Mr. Roach: Many of the special advocates had security clearances before they were appointed in that capacity and would have come across national security information in various ways. Some of them acted as commission counsel, and some were counsel for SIRC. Therefore, I think subsection (c) is there for the judge to say that even though the detainee wants person X, the judge cannot appoint person X as the special advocate because that person already has some information, and there is a risk of inadvertent disclosure of that information when the person talks.

My point is that we are too risk-averse. I think we have to rely on the integrity of the special advocates, who are already permanently bound to secrecy under the Security of Information Act.

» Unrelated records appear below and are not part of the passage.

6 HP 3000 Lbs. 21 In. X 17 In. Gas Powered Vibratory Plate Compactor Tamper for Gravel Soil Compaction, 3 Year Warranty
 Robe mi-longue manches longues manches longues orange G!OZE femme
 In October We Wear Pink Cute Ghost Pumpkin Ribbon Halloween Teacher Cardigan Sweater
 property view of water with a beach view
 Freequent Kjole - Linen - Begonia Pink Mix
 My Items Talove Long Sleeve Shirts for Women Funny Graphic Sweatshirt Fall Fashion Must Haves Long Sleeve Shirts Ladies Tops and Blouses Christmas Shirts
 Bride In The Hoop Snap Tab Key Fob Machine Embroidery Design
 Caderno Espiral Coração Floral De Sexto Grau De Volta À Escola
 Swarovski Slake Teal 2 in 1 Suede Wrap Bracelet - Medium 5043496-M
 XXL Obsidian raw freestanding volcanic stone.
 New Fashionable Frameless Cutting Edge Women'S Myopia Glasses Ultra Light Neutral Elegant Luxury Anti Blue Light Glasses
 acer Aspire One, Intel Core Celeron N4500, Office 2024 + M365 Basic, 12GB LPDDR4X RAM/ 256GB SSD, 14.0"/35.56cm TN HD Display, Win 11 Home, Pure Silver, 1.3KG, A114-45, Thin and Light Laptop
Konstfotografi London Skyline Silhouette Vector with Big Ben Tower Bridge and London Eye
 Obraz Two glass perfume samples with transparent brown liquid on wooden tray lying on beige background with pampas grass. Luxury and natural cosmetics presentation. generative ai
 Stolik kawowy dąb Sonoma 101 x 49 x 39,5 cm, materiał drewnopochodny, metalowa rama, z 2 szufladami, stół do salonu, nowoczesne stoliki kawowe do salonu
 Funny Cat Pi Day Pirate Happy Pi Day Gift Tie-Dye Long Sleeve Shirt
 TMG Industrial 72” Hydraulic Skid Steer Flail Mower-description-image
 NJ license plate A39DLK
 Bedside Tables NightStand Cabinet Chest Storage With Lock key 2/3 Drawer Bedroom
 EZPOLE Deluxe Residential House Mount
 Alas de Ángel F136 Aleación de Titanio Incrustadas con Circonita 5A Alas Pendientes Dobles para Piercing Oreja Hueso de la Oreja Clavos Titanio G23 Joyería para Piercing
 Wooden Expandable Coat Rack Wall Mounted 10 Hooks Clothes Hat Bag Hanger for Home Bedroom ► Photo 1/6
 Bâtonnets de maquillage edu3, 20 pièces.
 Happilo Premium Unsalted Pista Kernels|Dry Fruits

We should assume that they will be very careful when they talk to the new clients for whom they have been appointed special advocates, that they will not blab secrets that they heard three years ago on other retainers.

Lawyers have to keep other people's confidences all the time. It seems a little odd to say we trusted you with a security clearance when you were acting for this commission, but we will not trust you with the security clearance now because you will act as a special advocate for a security certificate detainee. If they were trustworthy then, unless some change has led to the withdrawal of their security clearance, I would think that we would have to rely on their judgment at another time.

I would have removed subsection (c) and simply assumed that we can trust special advocates. If it was not removed, I would at least say there has to be a serious or a substantial risk. I see it as this metaphor that we are overly secret. I do not know all the reasons why we are overly secret; but I think one of them is that we are very worried about leaking other people's secrets. We are reliant upon British and American intelligence. However, I think we have to design these systems and have faith in them. We have to convince our allies that these are serious systems.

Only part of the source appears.